Where to Camp in the Grand Canyon State
When you say “Arizona,” most people immediately think of the Grand Canyon. And with good reason — it's one of the most beautiful places on Earth, and a place everyone should visit before they die.
But there are plenty other beautiful places to visit in Arizona, and those are the ones we'll be focusing on today. Here is our list of the top 10 campgrounds in the Grand Canyon State.
1. Kaibab Lake Canpground – Williams
Kaibab Lake is a lovely place to spend a few hours or a few days. It is located just a couple of miles outside the City of Williams in the Williams Ranger District. The lake is a popular spot for fishing. The area around the campground offers sightseeing as well. The Grand Canyon is just 60 miles away. Learn more.

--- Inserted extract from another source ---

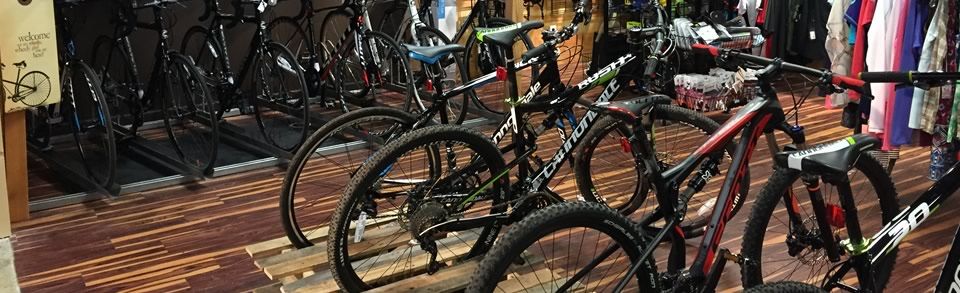 west-bloomfield-bike-store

2. Apache Trout Campground – Springerville
With boating and fishing facilities and a variety of amenities, Apache Trout is a convenient and comfortable place to stay. Plenty of open space, shaded forests and mountain scenery make for a pleasant outdoor experience. Learn more.
3. Fool Hollow Lake Recreation Area – Show Low
Imagine camping in the Apache-Sitgreaves National Forest among 100-foot pine trees beside a quiet lake watching majestic great blue herons at a cool 6,300 feet in elevation. Year-round camping, fishing, picnicking, boating and wildlife viewing opportunities makeFool Hollow Lake Recreation Area a popular place. Learn more.
4. Rock Crossing Campground – Happy Jack
Rock Crossing Campground is located 2 miles from Blue Ridge Reservoir (also known as C.C. Cragin Reservoir). This narrow, winding body of water looks more like a canyon-bound river than a lake. Nestled between forested canyon walls, it provides picturesque water recreation in a secluded, wooded setting. Learn more.
5. Cunningham Campground – Safford
Located high in the Pinaleño Mountains in an open, grassy stand of aspen and fir, this campground was constructed to provide a more primitive camping experience than most forest campgrounds. Campsites include a parking area and a fire grill.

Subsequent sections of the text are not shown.